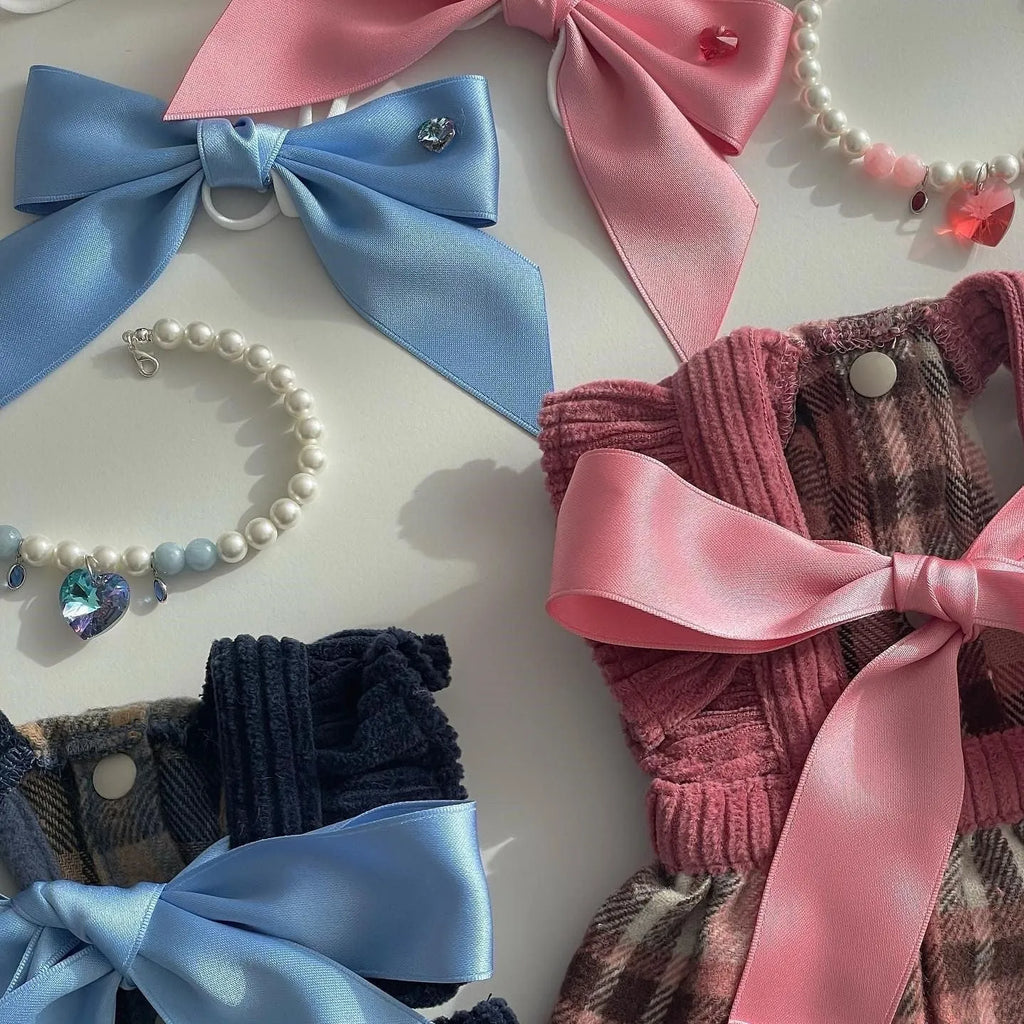 Adjustable princess style dog hair band with bow tension on small dog
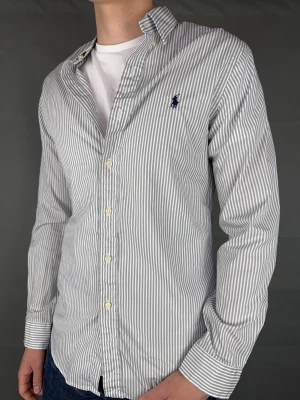 Ralph Lauren skjorta - Ralph Lauren Skjorta Märke: Polo Ralph Lauren Storlek: M Passform: Slimfit Färg: Vit/svart randig Skick: Mycket bra Beskrivning: utan defekter. Modellen på bilden: 183 cm / 75 kg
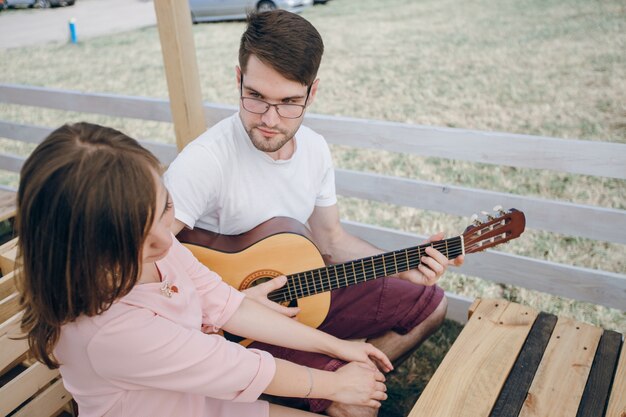 Hombre tocándo la guitarra para una chica joven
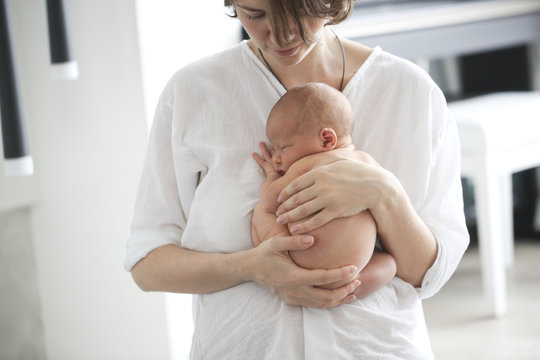 Mom And Baby, Newborn Sleeping In Mother Hands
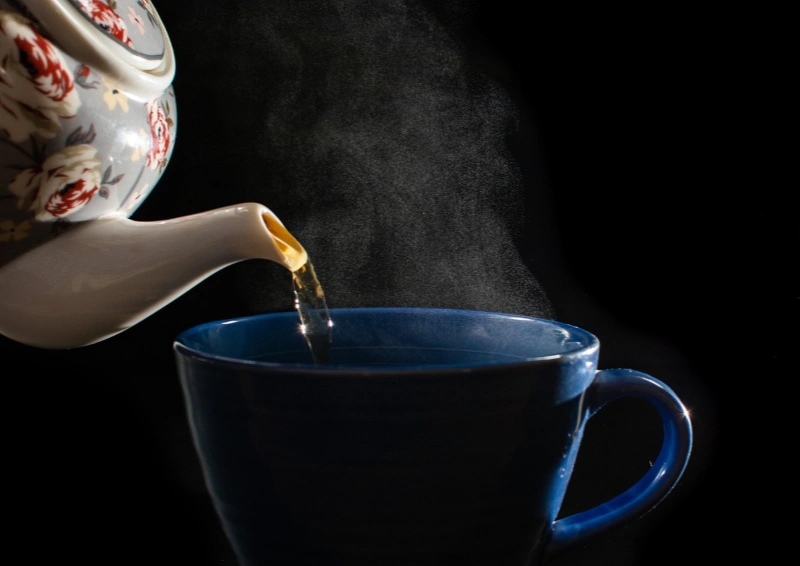 Schwarztee wird in eine blaue Tasse geschenkt.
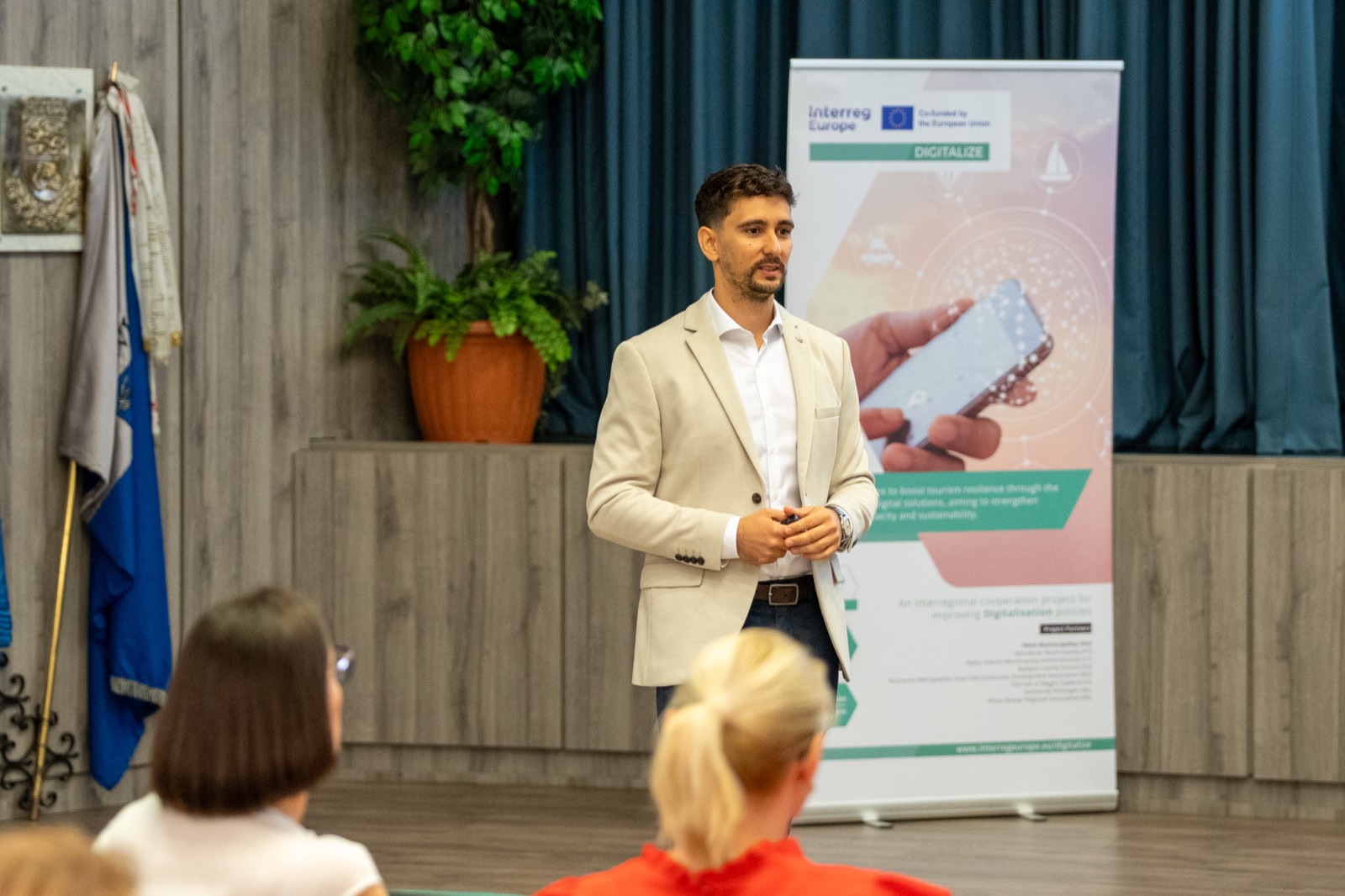 01: The “Digital revolution in tourism” title slide on the screen on the event stage (Hévíz, 2025). 02–06: Adam Schmutz speaking about the digitalization of tourism, next to the DIGITALIZE (Interreg Europe) project banner.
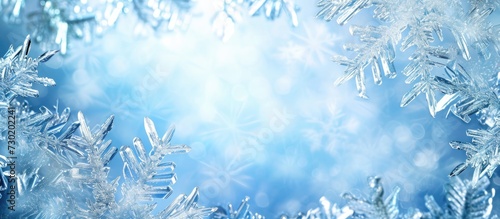 Christmas ice background with frosty crystal border. © 2rogan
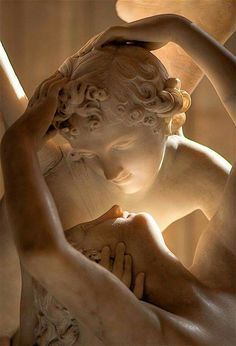 a statue with the words being deeply loved by someone gives you strength while loving someone deeply gives you courage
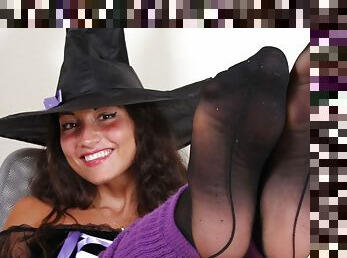 Gioia dressed as a sexy witch in black pantyhose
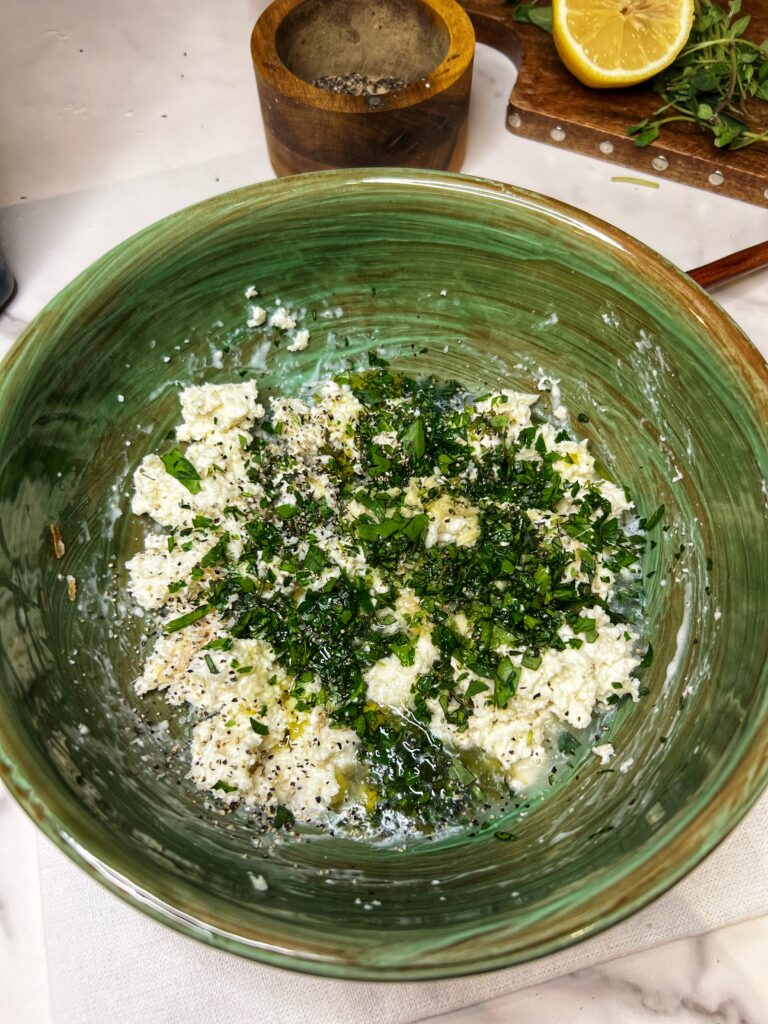 Ingredients for Clams Oreganata unmixed in a green bowl.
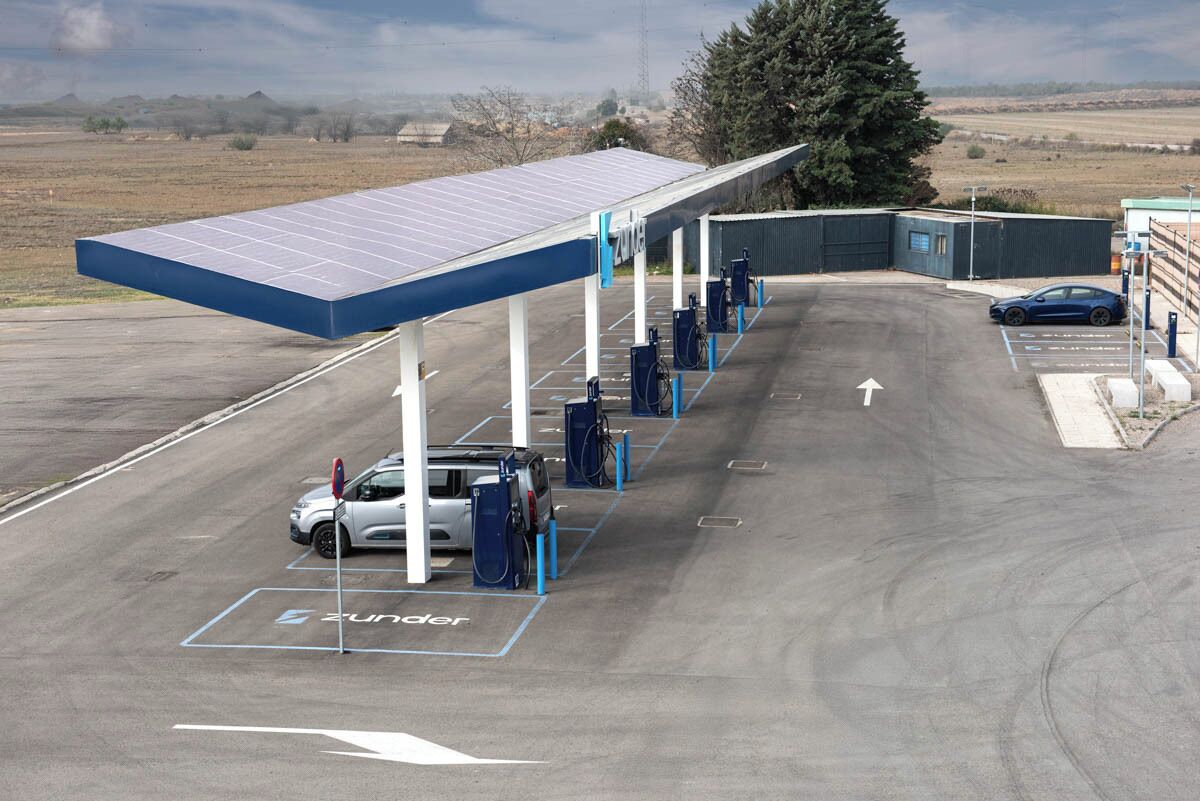 Une station de recharge à énergie solaire dotée de plusieurs bornes de recharge, d’un espace de stationnement couvert et d’un ciel dégagé.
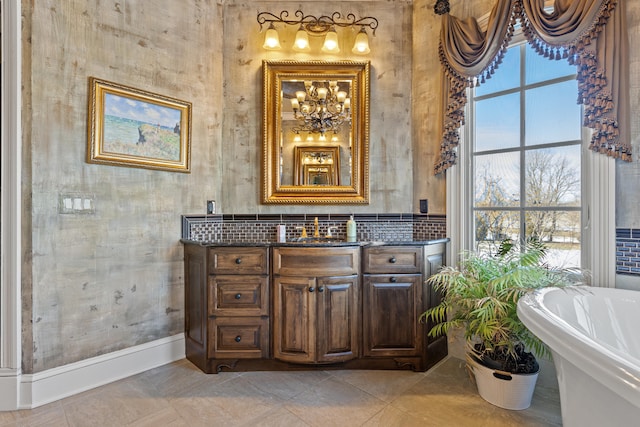 bathroom with a soaking tub, vanity, tasteful backsplash, a chandelier, and baseboards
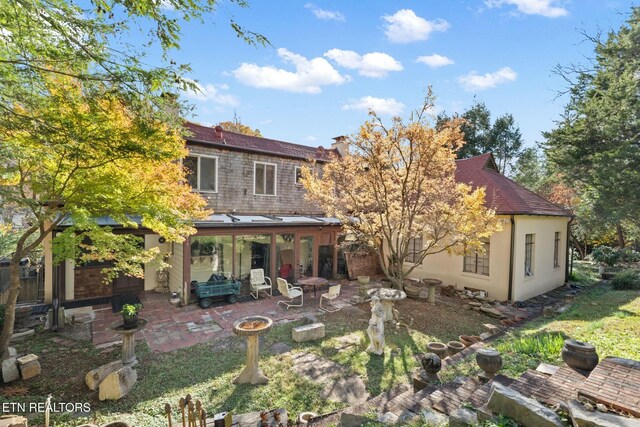 rear view of property with a patio and an outdoor fire pit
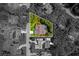 Highlighted aerial view focuses on a property with a screened-in pool, manicured lawn, and a backdrop of mature trees at 1024 Destin Dr, Lake Wales, FL 33898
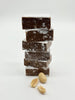 Stack of square peanut butter meltaways dusted with icing sugar. 3 peanuts scattered in front of meltaways. On a white background. 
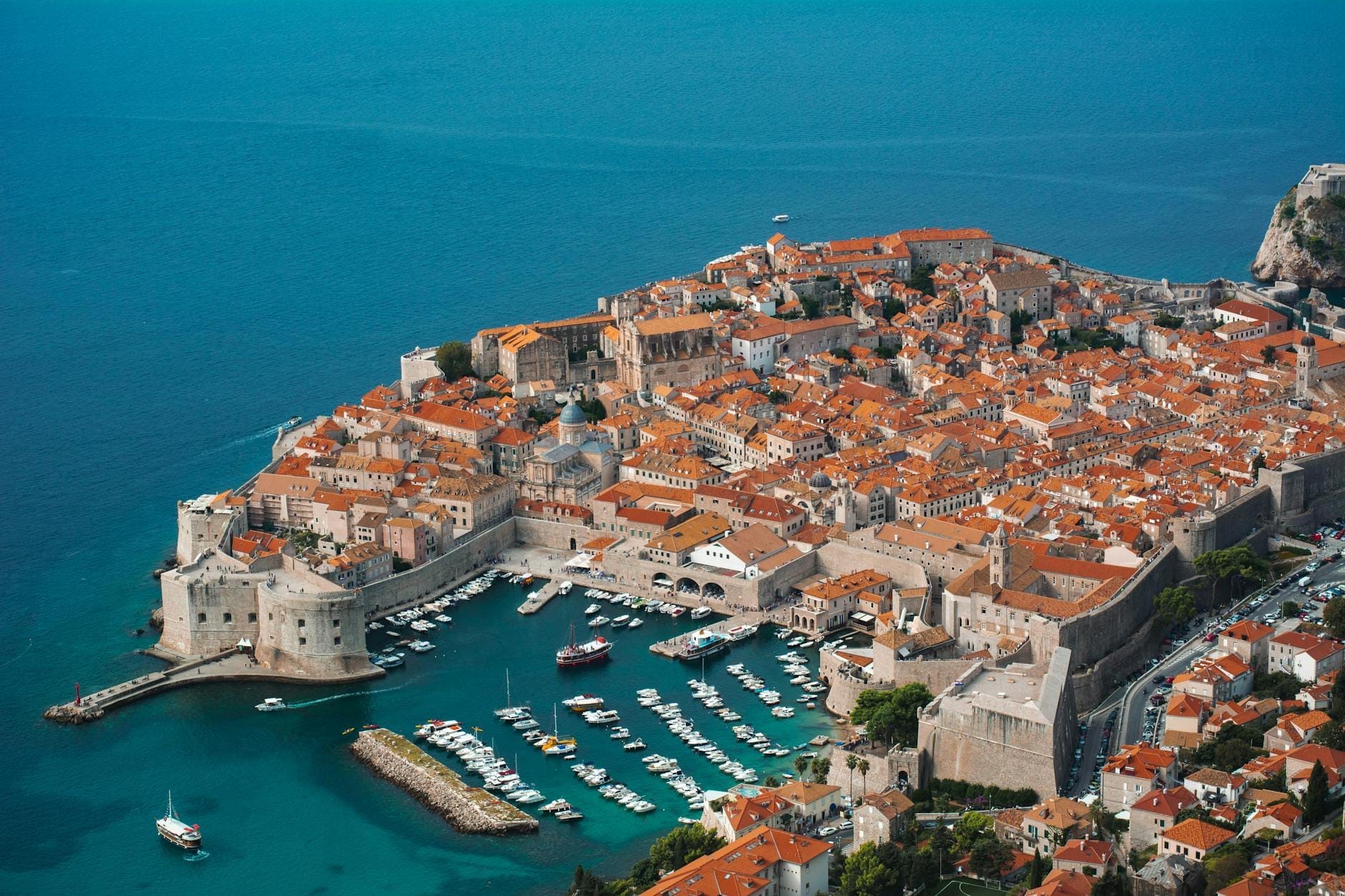 Vista aérea del casco antiguo amurallado de Dubrovnik y su puerto deportivo rodeados por el vívido azul del mar Adriático en un día soleado.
-.-.-
• _Work to be completed_: Output only the lines above from the line that holds "Christmas ice background" through the line that holds "rear view of", both ends included, and exclude pictures.

• _Response to the task_:
 Christmas ice background with frosty crystal border. © 2rogan
 a statue with the words being deeply loved by someone gives you strength while loving someone deeply gives you courage
 Gioia dressed as a sexy witch in black pantyhose
 Ingredients for Clams Oreganata unmixed in a green bowl.
 Une station de recharge à énergie solaire dotée de plusieurs bornes de recharge, d’un espace de stationnement couvert et d’un ciel dégagé.
 bathroom with a soaking tub, vanity, tasteful backsplash, a chandelier, and baseboards
 rear view of property with a patio and an outdoor fire pit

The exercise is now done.